The mood, however, is not just one of indignation, but one where people want to do something, take action to express their anger and in one way or another change the situation. The Arab revolutions played an enormous role in changing the consciousness of millions: i.e. that mass action can achieve fundamental change. This is a very powerful idea, particularly when the electoral front seems to offer no way out. General elections have been called on November 20, and the right-wing Popular Party is likely to win by a large margin. Millions who trusted Zapatero’s Socialist Party, on the basis of him being perceived as a left alternative to the previous Popular Party government of Aznar, were bitterly disappointed when the social-democratic government became the main instrument for the implementation of capitalist austerity measures, in agreement with the PP. While the left-wing United Left has grown in the opinion polls, many still consider it too small to make a difference.
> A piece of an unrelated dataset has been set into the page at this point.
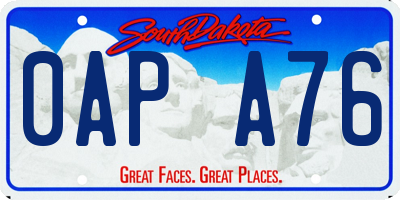 SD license plate 0APA76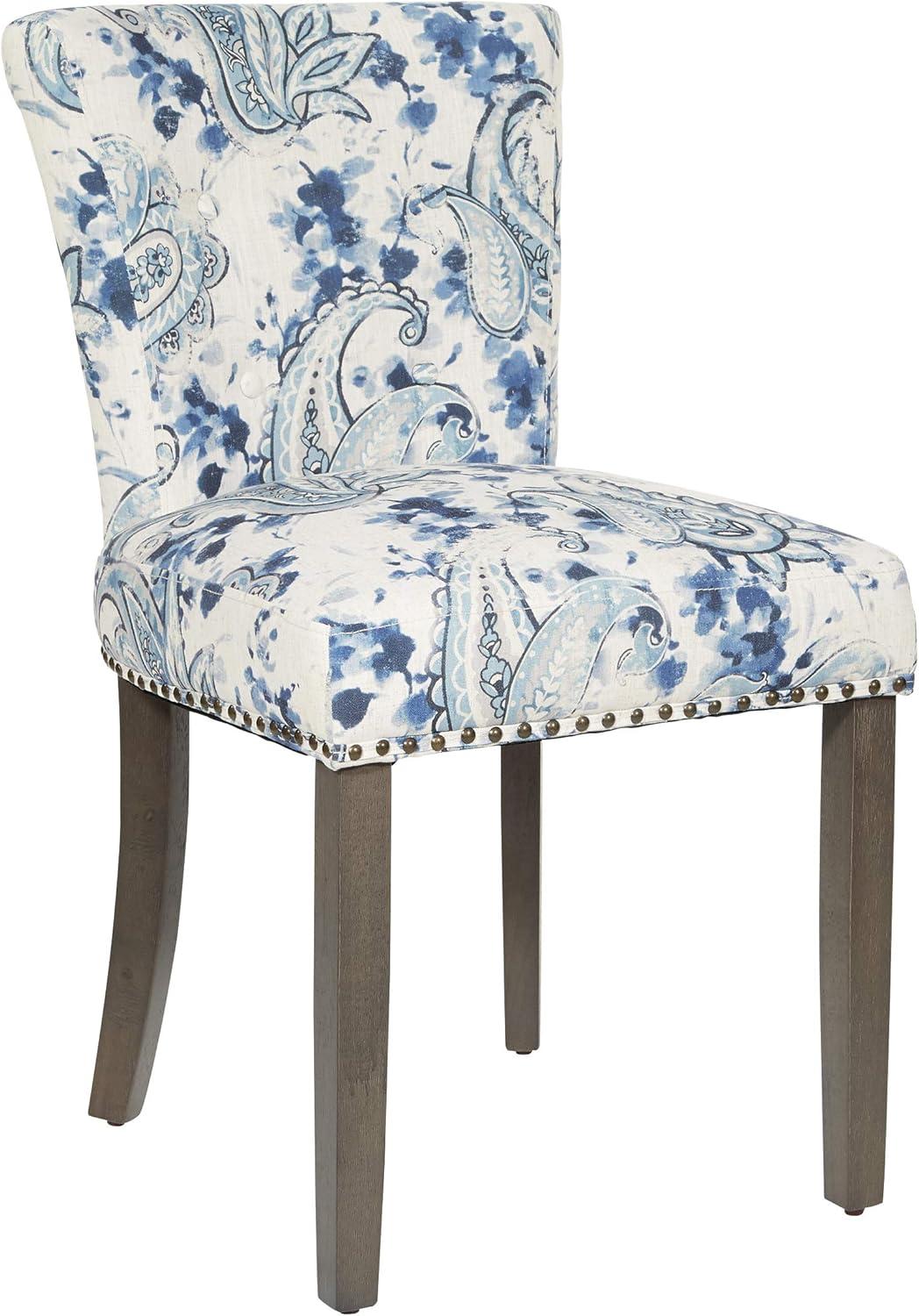 Paisley Blue Upholstered Side Chair with Wood Legs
What is being questioned, in a more or less clear way, is not just the economic system but also bourgeois democracy, as shown by the slogans taken up by the masses: “for real democracy now”, “they call it democracy but it is not”.
The election of a PP government in these conditions will only serve to prepare an even bigger mass movement, one which will not be limited to massive demonstrations, but which will move on to the industrial arena, with strikes and bitter conflicts. In this process, the most advanced elements will draw the conclusion that it is not enough to oppose the capitalist system, a revolutionary alternative is needed.